The Daily View: The difference between lights on and lights off
THE speech delivered by Abu Dhabi National Oil Company’s exasperated chief executive at the CeraWeek conference in Houston this week offered an instructive insight into the difficult decisions being made across global supply chains right now.
“No country should be allowed to hold Hormuz hostage. Not now. Not ever,” stormed Sultan al-Jaber.
“This is not a supply issue; it is a security issue. And it has only one durable answer, keeping the strait open,” said Jaber. “We cannot trade our way out of this crisis.”
The speech was received warmly by energy executives who understandably share his deep concerns regarding the weaponisation of the Strait of Hormuz.
But as he was delivering it, a second ADNOC product tanker was completing its transit of the strait, highlighting the reality of what Jaber was talking about.
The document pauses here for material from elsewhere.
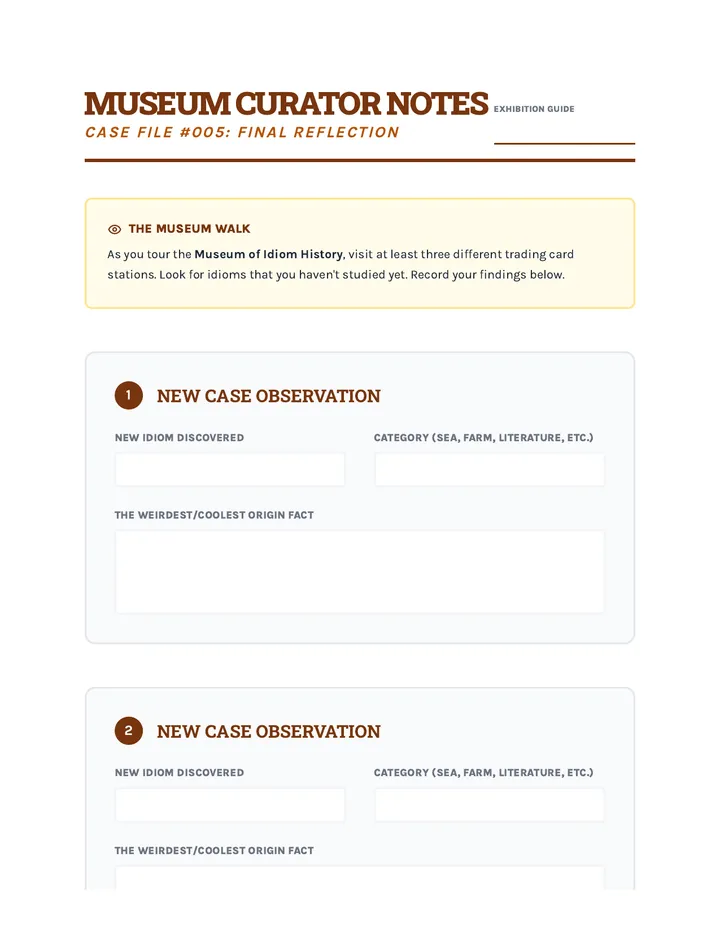 Museum Reflection Sheet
Decisions still need to be taken and some are still prepared to move ships through the strait despite the risks.
Transits remain dominated by the Iranian fleet, but ADNOC is one of the few companies who are now starting to find a way through. In the past week just three transits have taken place where the ships had no Iranian nexus.
Jaber’s speech made clear that stability in energy markets underpins stability in every market. Energy security is not just a slogan — it’s the difference between lights on and lights off.
But it is not just energy. The Iran conflict is increasingly spilling over into global fertiliser markets.
Middle East Gulf producers play a central role in global nitrogen fertiliser trade, and disruptions to shipping through the Strait of Hormuz — also a key corridor for fertiliser and feedstock flows — are tightening global supply.
Prices for key fertiliser products have already moved sharply higher.
Since the onset of the Iran conflict, urea and ammonia prices have risen by roughly 50% and 20% respectively, according to the latest data from Alpine Macro.
Sustained disruption risks amplifying pressure on agricultural markets. Farmers in the Northern Hemisphere are entering the spring planting season facing elevated input costs and uncertainty, raising the risk of lower application rates, weaker yields, and, ultimately, higher food inflation.
Much of the oxygen of the global economy runs through a single throat that is being choked, was Jaber’s headline-grabbing quote.
He’s not wrong.
In just three weeks the price of oil has risen 50%, slowing economic growth in a way that is now being felt from factories to farms.
The world’s central banks are trapped by the same strait: the Fed cannot cut, the ECB is hiking, the BOJ is tightening. Six countries are rationing fuel. Japan’s 10-year yield hit a 27-year high. Slovenia has QR codes at the pump to determine which cars are allowed to fill up. South Korea is barring government vehicles from operating one day per week.
And behind all of it, 400 ships wait outside a five-nautical mile channel for a clearance code from the IRGC Navy.